Is it me or do they just look like some small bits of 2x2 glued together.? VERY expensive dolls house furniture maybe.....
The first one pictured is 300mm (l) x 300mm (w) x 450mm (h)
Bit of a stretch calling that a table.
 
Just because someone asks a price doesn't mean they get any sales. But it does set where they place themselves in the market.
 
Is it me or do they just look like some small bits of 2x2 glued together.? VERY expensive dolls house furniture maybe.....
When I first saw the page I thought for a second that they were children's building blocks.
 
There does seem to be a market based on making things that look different.
Trouble is, there are good reasons why we don't use solid blocks of wood as tables.
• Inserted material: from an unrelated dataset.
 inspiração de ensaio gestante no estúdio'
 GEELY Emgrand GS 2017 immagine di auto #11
They may look intriguing when seen on a smartphone screen. But only when the things have been delivered will their new owners discover that they are too heavy to move, prone to distortion over time, wasteful of material, too small to be useful and just plain ugly!
 
so you have paid £200 for a small table and like the one in the first pic above it gets a bloody great split! I thinks I would be wanting a refund.
 
Can you call it solid wood when it’s got a split in it? And even more amazing is that that's the one he is using to advertise his wares.
 
You laugh. I had some offcuts of chunky oak beams that I was using as door stops. I had drilled in and fitted hemp rope handles (basically a knot in a recess) A couple of years ago my wife had a bunch of people from her RHS horticultural course come round for a BBQ, complete with husbands (the course was all women apart from one house husband). Some one admired the door stops and she sold 14 to the group at £40 each.
 
Those are superb if the maker filled the cracks with resin I think he could up the prices another £500 at least! They would still be bought, used until it was realised how impractical they are and then discarded like so many other things today.
 
I often wonder about occasional tables - what are they when they are not busy being a table? If they are a table all the time, why not just call them a table. I don't use my car all the time, but I don't call it an occasional car.
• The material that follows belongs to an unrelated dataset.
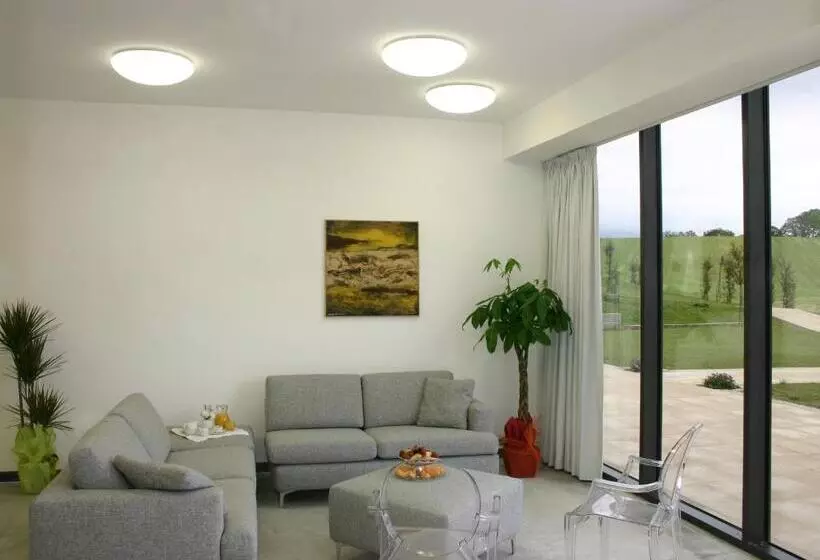 Отель Relais Villa d'Assio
(I have similar thoughts about inflatable boats, which don't of course exist. When they are deflated they are not a boat, when they are inflated they are no longer inflatable. What they really are is a deflatable boat.)
 
No sure what the issue here is.

You wouldn't buy it perhaps, but either someone is buying or the maker doesn't care that nobody is buying.

Why is it a problem?

The only odd thing is that they're also sold by a company that sells wood and veneers - presumably to people who make stuff from wood.